How were they able to maintain such a great passion for Jesus' mission in spite of opposition, challenges, persecution, and martyrdom?
The power of the Holy Spirit certainly fueled their zeal for the Lord and stirred their desire to share Jesus with others. Their newly found joy in salvation and their fellowship with friends brought them excitement and meaningful relationships. Jesus had conquered death and brought life to each of them. Jesus' victory gave them a deep-seated hope that threat, persecution, and martyrdom couldn't extinguish.
There was, however, something else that we must not miss. When Luke summarized the heart of the early church, he chose to highlight one particular word — "devoted":
They devoted themselves to the apostles’ teaching and to fellowship, to the breaking of bread and to prayer (Acts 2:42).
All four of these areas of devotion were important.

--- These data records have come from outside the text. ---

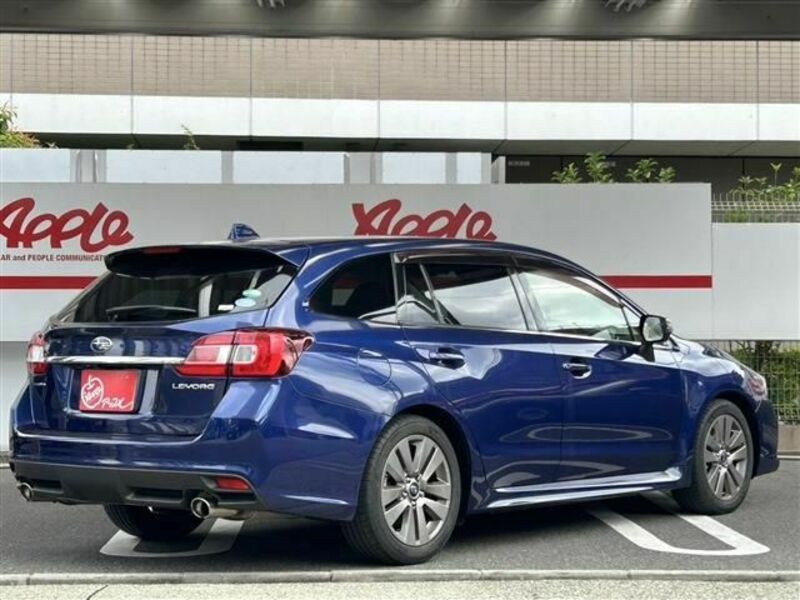 LEVORG
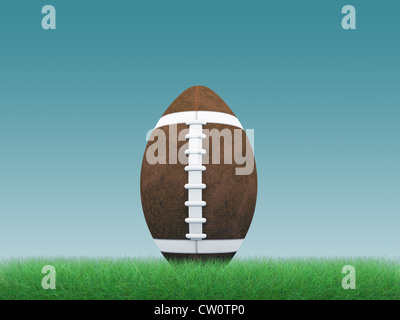 Sfera di calcio su erba verde Foto Stock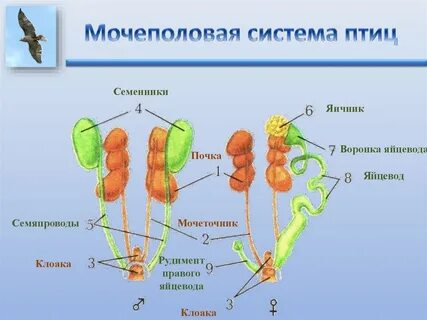 Половая система птиц
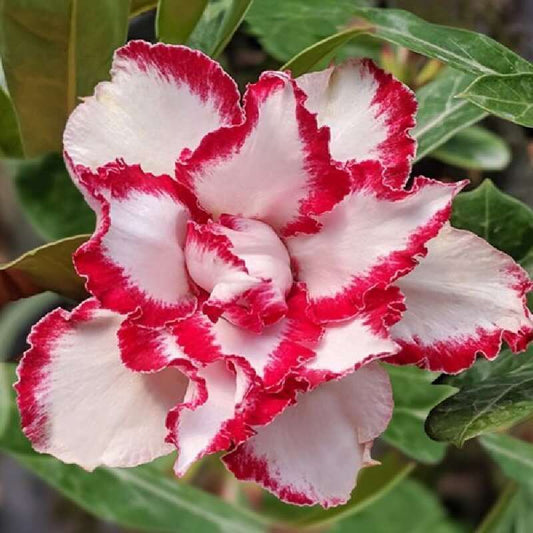 100 PCS Pink Edge Double Desert Rose Seeds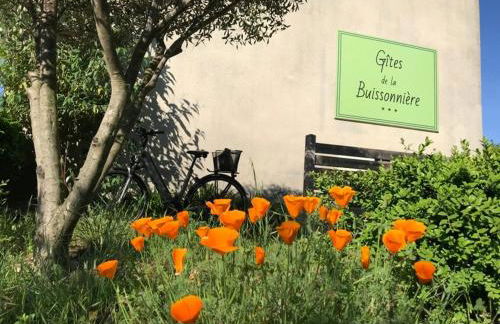 Grand Gîte La Buissonnière - Foto 39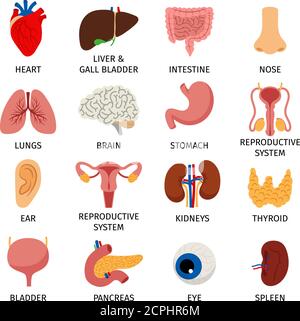 Innere Organe. Menschliche Körper Anatomie Organ Symbole, Cartoon Lunge und Herz, Harnsystem und Leber, Fortpflanzungsfunktion und Gehirn, Vektor-Illustration Stock Vektor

However, Luke repeated one of these areas several times, once again pairing it with the word "devoted" — prayer. Luke put these two words together to emphasize the driving force they were in the spread of the good news of Jesus (Acts 1:14; 2:42, 46; 6:4). Paul also called on the churches he wrote to be "devoted" to "prayer" using the same words as Luke (Romans 12:12; Ephesians 6:18; Colossians 4:2).
When we read the New Testament, prayer surfaces repeatedly. Devotion to prayer is one of the cords that bound early believers to their Lord, to the power of the Holy Spirit, and to each other. Every social level of believers prayed. Talking about prayer and participating in prayer were not enough. These early believers knew that they must be DEVOTED to prayer.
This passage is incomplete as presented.